(Exercise input)
--- --- ---
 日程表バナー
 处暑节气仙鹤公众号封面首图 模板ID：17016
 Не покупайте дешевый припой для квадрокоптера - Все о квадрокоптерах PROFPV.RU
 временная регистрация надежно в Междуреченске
--- --- ---
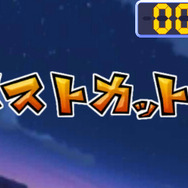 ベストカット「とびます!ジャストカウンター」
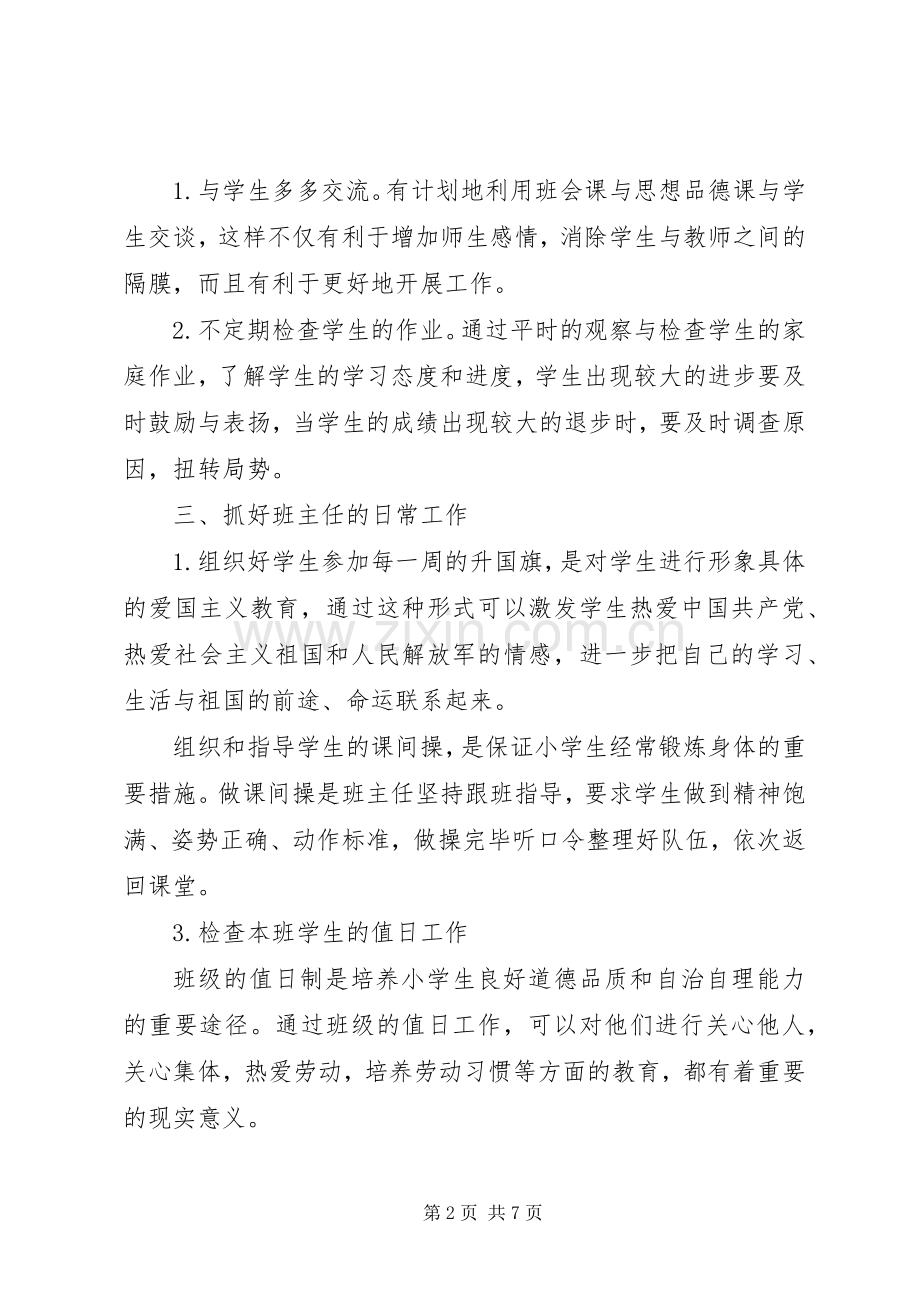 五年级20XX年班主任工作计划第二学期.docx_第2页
--- --- ---
(Task goal)
All lines above from the one with "Не покупайте дешевый" to the one with "временная регистрация надежно", inclusive, should be copied exactly, and no other lines.

(Result)
 Не покупайте дешевый припой для квадрокоптера - Все о квадрокоптерах PROFPV.RU
 временная регистрация надежно в Междуреченске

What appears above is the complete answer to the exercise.